At the top of the market some players sell out, taking their cash off the table, driven by the relentless logic that no one ever lost money by selling too early. This causes distress in the herd as they see others selling, then panic, leading to the final meltdown. At this stage lots of money is lost and out of the rubble we start again.

The key fuel that drives the market from one stage to the next sucks people in and makes the entire system extremely fragile is credit.

Unlike last time, up to now at least, credit has been largely absent from the latest Dublin house price jamboree. This doesn’t mean a crash is not possible, but it means it is less likely for now.

Let’s look at the details of debt in Ireland right now. Total household debt stood at €140.5 billion in late 2017 and has been falling more or less continuously from a peak of €204.2 billion in the third quarter of 2008. This is a total decline of more than 30 per cent. Household debt had fallen to €29,307 per capita at the end of 2017 from €45,536 in 2008.


Looking at the years leading up to the crash, household debt averaged €127.2 billion (€30,765 per capita) in 2005, €159.4 billion (€37,657) in 2006 and €185.2 billion (€42,319) in 2007.

Irish households remain among the most indebted in Europe, but debt as a proportion of disposable income has fallen to its lowest level since 2004. Irish household debt to disposable income fell 10.6 per cent over the course of 2017 alone, the largest decline among Europe’s highly indebted countries.

Total credit extended to Irish households for house purchases edged up slightly to €74.9 billion in the first quarter of this year, but remains well below the peak of €125.1 billion in early 2008. This is also comfortably below the average levels of debt seen in the years leading up to the crash – €85.8 billion in 2005, €106.3 billion in 2006 and €118.6 billion in 2007.

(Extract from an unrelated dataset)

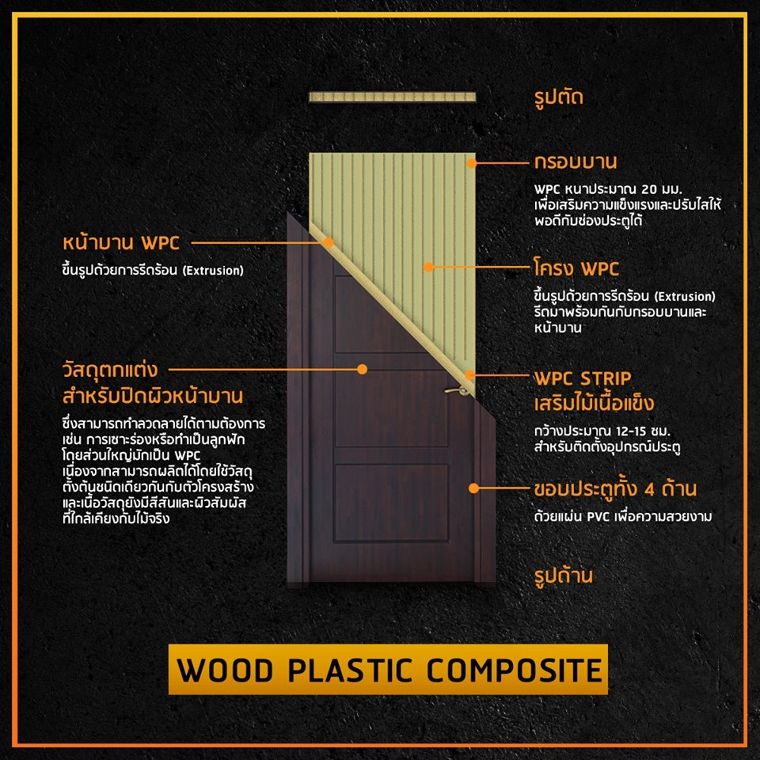 รวมข้อมูลคุณสมบัติ และข้อดี - ข้อเสีย ประตูไม้เทียม (Wood Composite Door) แต่ละประเภท ภาพประกอบ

So it’s clear that the “gearing” phase identified by Minsky and Kindleberger is not present in this cycle – yet. This means that this house price cycle is very different from the last one. But it doesn’t mean a local crash can’t happen. You might remember the crash, which happened without any credit.

People invested real cash between 1998 and 2002, and when the mania evaporated that money was lost. However, because there was no leverage, there was a modest impact on the general economy.

The one area where there is leverage, but foreign leverage, is the Dublin commercial property market. As this has become more and more the property of leveraged international funds, any serious slump in international financial markets could prompt a “Minsky moment”. This is when good assets have to be sold to come up with cash to pay for bad assets.

Interestingly, this could be good for Ireland, as we would get much lower commercial property prices, without a hit to our national balance sheet.

With markets at all-time highs, interest rates on their way up and emerging markets in serious trouble, that’s one worth thinking about in the near future – rather than an imminent, locally generated crash in Dublin’s residential market.